Top of Data for this exercise

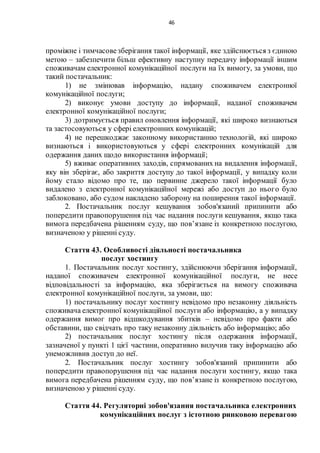 46
проміжне і тимчасовезберігання такої інформації, яке здійснюється з єдиною
метою – забезпечити більш ефективну наступну передачу інформації іншим
споживачам електронної комунікаційної послуги на їх вимогу, за умови, що
такий постачальник:
1) не змінював інформацію, надану споживачем електронної
комунікаційної послуги;
2) виконує умови доступу до інформації, наданої споживачем
електронної комунікаційної послуги;
3) дотримується правил оновлення інформації, які широко визнаються
та застосовуються у сфері електронних комунікацій;
4) не перешкоджає законному використанню технологій, які широко
визнаються і використовуються у сфері електронних комунікацій для
одержання даних щодо використання інформації;
5) вживає оперативних заходів, спрямованих на видалення інформації,
яку він зберігає, або закриття доступу до такої інформації, у випадку коли
йому стало відомо про те, що первинне джерело такої інформації було
видалено з електронної комунікаційної мережі або доступ до нього було
заблоковано, або судом накладено заборону на поширення такої інформації.
2. Постачальник послуг кешування зобов'язаний припинити або
попередити правопорушення під час надання послуги кешування, якщо така
вимога передбачена рішенням суду, що пов’язане із конкретною послугою,
визначеною у рішенні суду.
Стаття 43. Особливості діяльності постачальника
послуг хостингу
1. Постачальник послуг хостингу, здійснюючи зберігання інформації,
наданої споживачем електронної комунікаційної послуги, не несе
відповідальності за інформацію, яка зберігається на вимогу споживача
електронної комунікаційної послуги, за умови, що:
1) постачальнику послуг хостингу невідомо про незаконну діяльність
споживача електронної комунікаційної послуги або інформацію, а у випадку
одержання вимог про відшкодування збитків – невідомо про факти або
обставини, що свідчать про таку незаконну діяльність або інформацію; або
2) постачальник послуг хостингу після одержання інформації,
зазначеної у пункті 1 цієї частини, оперативно вилучив таку інформацію або
унеможливив доступ до неї.
2. Постачальник послуг хостингу зобов'язаний припинити або
попередити правопорушення під час надання послуги хостингу, якщо така
вимога передбачена рішенням суду, що пов’язане із конкретною послугою,
визначеною у рішенні суду.
Стаття 44. Регуляторні зобов'язання постачальника електронних
комунікаційних послуг з істотною ринковою перевагою
 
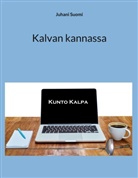 Juhani Suomi - Kalvan kannassa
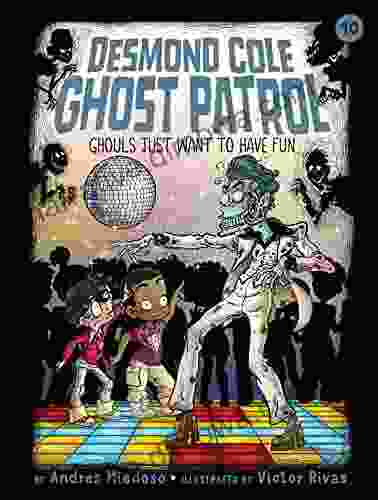 Ghouls Just Want To Have Fun (Desmond Cole Ghost Patrol 10)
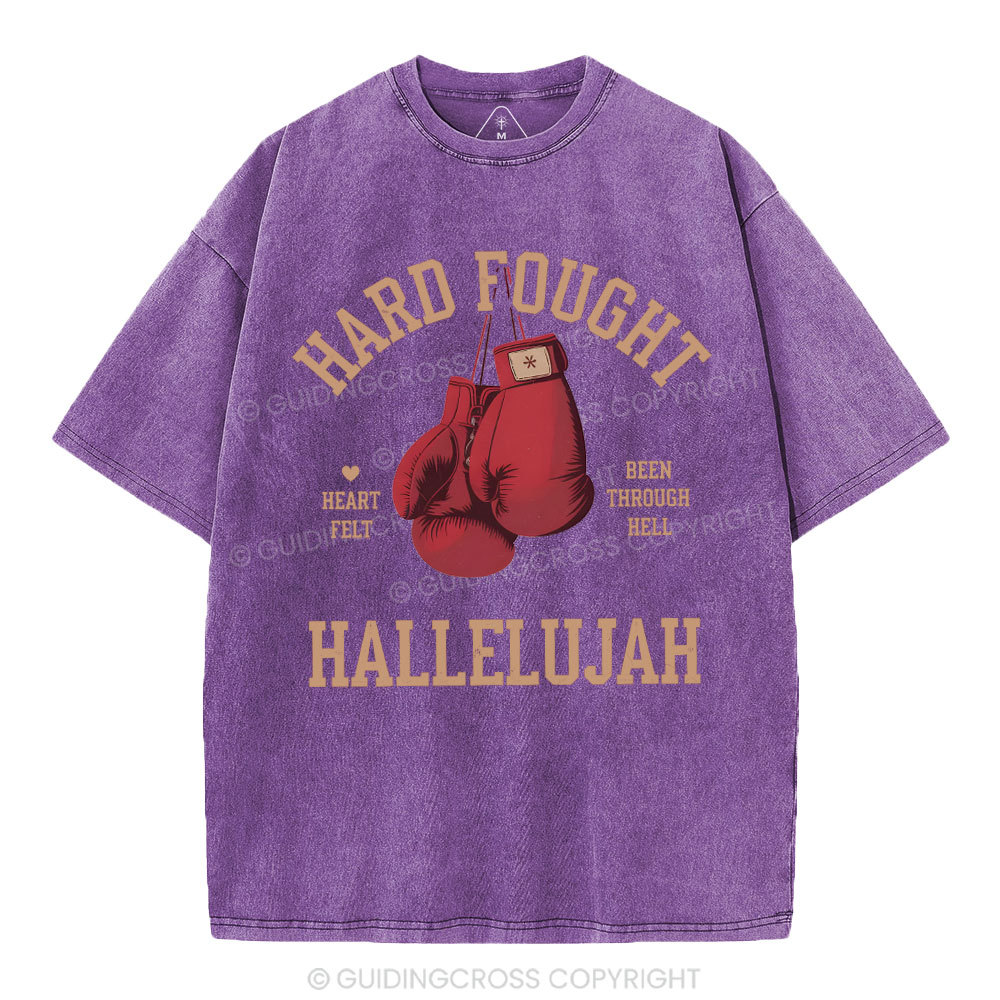 Hard Fought Hallelujah Christian Washed T-Shirt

Bottom of Data for this exercise

## How to complete this task
Take the lines above from the one containing "1) не змінював" down to the one containing "споживача електронної комунікаційної", and transcribe them exactly, both ends included.

## Reply to the task
1) не змінював інформацію, надану споживачем електронної
комунікаційної послуги;
2) виконує умови доступу до інформації, наданої споживачем
електронної комунікаційної послуги;
3) дотримується правил оновлення інформації, які широко визнаються
та застосовуються у сфері електронних комунікацій;
4) не перешкоджає законному використанню технологій, які широко
визнаються і використовуються у сфері електронних комунікацій для
одержання даних щодо використання інформації;
5) вживає оперативних заходів, спрямованих на видалення інформації,
яку він зберігає, або закриття доступу до такої інформації, у випадку коли
йому стало відомо про те, що первинне джерело такої інформації було
видалено з електронної комунікаційної мережі або доступ до нього було
заблоковано, або судом накладено заборону на поширення такої інформації.
2. Постачальник послуг кешування зобов'язаний припинити або
попередити правопорушення під час надання послуги кешування, якщо така
вимога передбачена рішенням суду, що пов’язане із конкретною послугою,
визначеною у рішенні суду.
Стаття 43. Особливості діяльності постачальника
послуг хостингу
1. Постачальник послуг хостингу, здійснюючи зберігання інформації,
наданої споживачем електронної комунікаційної послуги, не несе
відповідальності за інформацію, яка зберігається на вимогу споживача
електронної комунікаційної послуги, за умови, що:
1) постачальнику послуг хостингу невідомо про незаконну діяльність
споживача електронної комунікаційної послуги або інформацію, а у випадку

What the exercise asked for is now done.